• [Data for this exercise]
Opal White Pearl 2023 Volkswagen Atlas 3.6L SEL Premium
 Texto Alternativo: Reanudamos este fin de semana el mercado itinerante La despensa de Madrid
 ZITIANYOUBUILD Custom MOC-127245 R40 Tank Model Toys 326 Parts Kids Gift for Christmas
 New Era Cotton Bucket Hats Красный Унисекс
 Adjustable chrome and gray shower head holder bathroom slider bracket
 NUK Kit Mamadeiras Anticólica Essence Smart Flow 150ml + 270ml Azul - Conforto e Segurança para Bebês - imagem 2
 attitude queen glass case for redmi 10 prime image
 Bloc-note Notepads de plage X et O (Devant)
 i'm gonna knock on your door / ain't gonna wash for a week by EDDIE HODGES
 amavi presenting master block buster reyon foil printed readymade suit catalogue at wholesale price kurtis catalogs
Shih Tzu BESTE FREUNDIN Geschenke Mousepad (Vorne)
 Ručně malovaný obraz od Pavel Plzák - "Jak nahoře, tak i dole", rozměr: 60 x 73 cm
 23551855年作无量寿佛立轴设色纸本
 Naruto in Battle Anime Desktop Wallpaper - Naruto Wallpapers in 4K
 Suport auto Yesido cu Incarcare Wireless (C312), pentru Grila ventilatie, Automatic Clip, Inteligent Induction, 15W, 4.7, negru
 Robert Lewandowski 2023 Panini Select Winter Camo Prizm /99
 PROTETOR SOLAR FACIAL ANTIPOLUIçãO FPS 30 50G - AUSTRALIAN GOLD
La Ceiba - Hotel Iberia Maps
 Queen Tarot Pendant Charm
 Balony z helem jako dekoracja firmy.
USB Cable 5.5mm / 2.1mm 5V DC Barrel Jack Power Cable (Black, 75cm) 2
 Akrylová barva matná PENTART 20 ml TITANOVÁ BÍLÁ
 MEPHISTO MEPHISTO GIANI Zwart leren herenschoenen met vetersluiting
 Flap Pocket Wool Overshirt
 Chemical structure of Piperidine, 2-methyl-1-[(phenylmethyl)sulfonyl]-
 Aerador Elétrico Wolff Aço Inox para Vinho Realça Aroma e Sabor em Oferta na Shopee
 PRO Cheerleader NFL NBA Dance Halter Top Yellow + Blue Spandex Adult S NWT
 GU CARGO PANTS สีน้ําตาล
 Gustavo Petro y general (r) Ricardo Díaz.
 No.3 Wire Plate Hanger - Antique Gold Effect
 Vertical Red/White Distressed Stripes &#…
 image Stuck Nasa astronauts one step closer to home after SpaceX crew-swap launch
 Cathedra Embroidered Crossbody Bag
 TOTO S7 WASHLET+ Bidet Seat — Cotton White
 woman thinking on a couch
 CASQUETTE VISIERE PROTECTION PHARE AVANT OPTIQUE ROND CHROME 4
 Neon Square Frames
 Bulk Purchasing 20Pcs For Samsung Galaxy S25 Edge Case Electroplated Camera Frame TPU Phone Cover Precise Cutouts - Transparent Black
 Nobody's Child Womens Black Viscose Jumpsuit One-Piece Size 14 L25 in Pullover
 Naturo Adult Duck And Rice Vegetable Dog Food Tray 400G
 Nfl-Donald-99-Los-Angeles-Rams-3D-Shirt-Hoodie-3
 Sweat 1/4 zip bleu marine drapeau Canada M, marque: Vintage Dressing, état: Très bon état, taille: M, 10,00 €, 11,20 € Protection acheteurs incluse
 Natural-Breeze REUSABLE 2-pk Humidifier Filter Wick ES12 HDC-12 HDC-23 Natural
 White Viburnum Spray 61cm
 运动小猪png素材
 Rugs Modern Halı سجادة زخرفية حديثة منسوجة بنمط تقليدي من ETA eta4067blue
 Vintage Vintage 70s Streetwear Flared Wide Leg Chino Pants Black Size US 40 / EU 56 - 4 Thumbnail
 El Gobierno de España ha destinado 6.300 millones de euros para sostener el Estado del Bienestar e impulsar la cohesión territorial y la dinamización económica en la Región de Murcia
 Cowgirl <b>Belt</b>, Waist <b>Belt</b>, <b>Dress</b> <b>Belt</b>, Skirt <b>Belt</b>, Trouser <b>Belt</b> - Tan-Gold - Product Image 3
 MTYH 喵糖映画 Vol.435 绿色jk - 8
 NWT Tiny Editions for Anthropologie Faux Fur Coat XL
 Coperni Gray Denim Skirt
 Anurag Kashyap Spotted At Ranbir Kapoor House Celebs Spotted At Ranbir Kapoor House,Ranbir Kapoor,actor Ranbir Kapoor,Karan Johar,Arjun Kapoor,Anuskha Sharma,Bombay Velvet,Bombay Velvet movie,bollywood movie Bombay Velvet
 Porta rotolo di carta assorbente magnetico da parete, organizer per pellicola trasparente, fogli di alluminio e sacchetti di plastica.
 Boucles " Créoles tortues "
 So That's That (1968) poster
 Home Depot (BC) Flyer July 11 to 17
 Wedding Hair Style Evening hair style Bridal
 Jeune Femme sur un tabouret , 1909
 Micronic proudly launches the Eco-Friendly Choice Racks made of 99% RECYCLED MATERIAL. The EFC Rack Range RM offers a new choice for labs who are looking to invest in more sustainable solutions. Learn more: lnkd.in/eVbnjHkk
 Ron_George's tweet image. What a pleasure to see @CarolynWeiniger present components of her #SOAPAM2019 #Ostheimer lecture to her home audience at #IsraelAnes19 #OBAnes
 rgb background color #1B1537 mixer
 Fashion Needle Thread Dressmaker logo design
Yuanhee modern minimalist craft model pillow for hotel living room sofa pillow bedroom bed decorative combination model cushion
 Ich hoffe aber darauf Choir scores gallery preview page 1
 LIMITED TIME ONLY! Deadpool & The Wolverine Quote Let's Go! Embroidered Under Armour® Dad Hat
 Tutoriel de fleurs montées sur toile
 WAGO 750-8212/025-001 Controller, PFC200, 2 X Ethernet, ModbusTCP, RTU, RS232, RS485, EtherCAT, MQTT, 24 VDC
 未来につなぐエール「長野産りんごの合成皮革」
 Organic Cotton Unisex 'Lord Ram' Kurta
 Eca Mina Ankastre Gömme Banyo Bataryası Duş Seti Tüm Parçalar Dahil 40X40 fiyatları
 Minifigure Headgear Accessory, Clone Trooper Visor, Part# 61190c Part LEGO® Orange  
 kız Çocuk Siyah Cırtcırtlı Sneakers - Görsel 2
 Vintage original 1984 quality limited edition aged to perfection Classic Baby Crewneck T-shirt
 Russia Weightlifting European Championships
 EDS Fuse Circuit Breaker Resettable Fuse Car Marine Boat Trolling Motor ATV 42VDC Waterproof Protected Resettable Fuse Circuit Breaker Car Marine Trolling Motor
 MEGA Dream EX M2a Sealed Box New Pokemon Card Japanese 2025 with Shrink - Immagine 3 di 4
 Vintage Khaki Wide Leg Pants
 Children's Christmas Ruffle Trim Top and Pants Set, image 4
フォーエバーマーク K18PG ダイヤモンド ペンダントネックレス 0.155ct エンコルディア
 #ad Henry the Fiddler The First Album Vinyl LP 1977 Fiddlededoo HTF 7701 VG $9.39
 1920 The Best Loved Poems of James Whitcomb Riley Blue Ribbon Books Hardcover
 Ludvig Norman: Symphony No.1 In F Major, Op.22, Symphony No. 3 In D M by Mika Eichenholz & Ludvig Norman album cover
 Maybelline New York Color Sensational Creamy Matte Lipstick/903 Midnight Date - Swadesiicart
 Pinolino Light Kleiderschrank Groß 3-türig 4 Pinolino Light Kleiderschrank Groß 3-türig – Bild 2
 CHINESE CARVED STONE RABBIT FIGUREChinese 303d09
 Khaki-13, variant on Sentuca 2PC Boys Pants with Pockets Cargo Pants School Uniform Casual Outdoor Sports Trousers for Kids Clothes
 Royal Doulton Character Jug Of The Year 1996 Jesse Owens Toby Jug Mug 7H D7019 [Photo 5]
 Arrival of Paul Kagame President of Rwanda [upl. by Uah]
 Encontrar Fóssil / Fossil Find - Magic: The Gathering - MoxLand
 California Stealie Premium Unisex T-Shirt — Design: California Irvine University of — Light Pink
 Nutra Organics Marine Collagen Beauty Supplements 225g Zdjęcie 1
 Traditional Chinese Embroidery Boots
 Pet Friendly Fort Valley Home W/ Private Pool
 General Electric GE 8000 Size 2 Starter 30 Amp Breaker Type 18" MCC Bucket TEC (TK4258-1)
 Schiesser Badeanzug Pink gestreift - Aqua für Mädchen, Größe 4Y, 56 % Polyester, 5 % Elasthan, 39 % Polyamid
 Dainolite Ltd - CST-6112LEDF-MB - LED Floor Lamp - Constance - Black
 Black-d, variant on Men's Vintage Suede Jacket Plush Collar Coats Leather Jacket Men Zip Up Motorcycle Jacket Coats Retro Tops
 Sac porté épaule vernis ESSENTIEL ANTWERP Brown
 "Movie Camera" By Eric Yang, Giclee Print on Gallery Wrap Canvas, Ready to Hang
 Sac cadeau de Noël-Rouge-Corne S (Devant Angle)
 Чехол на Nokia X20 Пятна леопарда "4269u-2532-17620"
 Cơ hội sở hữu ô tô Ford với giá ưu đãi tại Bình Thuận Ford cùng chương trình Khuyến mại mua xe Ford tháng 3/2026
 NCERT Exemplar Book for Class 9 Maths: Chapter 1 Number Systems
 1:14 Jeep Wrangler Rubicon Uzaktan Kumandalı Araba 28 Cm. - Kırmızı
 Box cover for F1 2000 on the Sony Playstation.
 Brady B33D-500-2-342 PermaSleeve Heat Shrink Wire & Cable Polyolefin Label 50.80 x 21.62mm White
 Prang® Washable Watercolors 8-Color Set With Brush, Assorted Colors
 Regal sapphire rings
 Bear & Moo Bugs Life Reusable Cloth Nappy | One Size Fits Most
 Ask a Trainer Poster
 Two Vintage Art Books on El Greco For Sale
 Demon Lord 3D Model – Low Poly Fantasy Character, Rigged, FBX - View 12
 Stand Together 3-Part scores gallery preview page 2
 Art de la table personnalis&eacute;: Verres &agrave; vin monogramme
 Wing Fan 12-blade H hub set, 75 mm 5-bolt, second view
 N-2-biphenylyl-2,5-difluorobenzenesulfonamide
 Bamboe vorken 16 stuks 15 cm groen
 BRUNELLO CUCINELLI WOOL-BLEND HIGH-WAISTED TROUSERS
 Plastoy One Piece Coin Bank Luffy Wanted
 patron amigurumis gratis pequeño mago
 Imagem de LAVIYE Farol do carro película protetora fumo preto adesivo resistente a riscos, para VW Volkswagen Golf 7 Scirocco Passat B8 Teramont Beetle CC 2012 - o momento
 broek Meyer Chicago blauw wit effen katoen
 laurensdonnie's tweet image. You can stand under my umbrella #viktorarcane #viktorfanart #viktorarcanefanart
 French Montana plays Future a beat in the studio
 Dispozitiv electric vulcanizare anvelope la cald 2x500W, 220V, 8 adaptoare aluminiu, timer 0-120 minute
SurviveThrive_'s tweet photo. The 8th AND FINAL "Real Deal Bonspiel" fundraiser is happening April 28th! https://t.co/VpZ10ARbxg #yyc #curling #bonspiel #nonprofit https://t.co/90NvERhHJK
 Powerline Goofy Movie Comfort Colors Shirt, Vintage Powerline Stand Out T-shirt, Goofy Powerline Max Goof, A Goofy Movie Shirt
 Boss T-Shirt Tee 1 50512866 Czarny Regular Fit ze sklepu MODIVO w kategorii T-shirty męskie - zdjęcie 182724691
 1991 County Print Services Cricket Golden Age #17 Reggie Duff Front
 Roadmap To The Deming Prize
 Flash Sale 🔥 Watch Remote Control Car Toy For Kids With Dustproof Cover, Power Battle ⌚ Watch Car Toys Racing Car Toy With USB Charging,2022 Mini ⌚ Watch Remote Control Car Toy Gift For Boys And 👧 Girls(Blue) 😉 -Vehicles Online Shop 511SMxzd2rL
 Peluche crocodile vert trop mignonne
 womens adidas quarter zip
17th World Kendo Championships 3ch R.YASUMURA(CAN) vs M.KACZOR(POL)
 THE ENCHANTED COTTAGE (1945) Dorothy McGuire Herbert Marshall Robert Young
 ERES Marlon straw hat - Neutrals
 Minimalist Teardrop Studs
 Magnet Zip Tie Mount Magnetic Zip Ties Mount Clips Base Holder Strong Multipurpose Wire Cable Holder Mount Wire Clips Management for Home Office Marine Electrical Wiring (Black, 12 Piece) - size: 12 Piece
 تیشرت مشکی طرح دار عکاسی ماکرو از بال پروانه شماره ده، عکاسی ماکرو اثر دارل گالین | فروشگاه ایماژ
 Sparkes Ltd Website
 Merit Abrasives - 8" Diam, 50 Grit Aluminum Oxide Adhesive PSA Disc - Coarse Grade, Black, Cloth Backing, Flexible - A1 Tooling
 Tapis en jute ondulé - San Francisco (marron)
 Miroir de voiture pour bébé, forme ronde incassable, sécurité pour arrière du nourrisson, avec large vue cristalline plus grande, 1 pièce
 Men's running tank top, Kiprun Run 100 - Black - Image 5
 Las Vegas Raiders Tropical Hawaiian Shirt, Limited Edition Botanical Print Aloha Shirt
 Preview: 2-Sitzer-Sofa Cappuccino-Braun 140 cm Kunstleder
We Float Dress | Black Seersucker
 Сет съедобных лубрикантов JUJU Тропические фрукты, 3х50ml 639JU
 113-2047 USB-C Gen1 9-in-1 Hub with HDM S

• [Work instruction] Where the listing above has a line with "woman thinking on a couch", start there, and output every line exactly through the line with "Bulk Purchasing 20Pcs", which is also included.

• [Expected answer]
 woman thinking on a couch
 CASQUETTE VISIERE PROTECTION PHARE AVANT OPTIQUE ROND CHROME 4
 Neon Square Frames
 Bulk Purchasing 20Pcs For Samsung Galaxy S25 Edge Case Electroplated Camera Frame TPU Phone Cover Precise Cutouts - Transparent Black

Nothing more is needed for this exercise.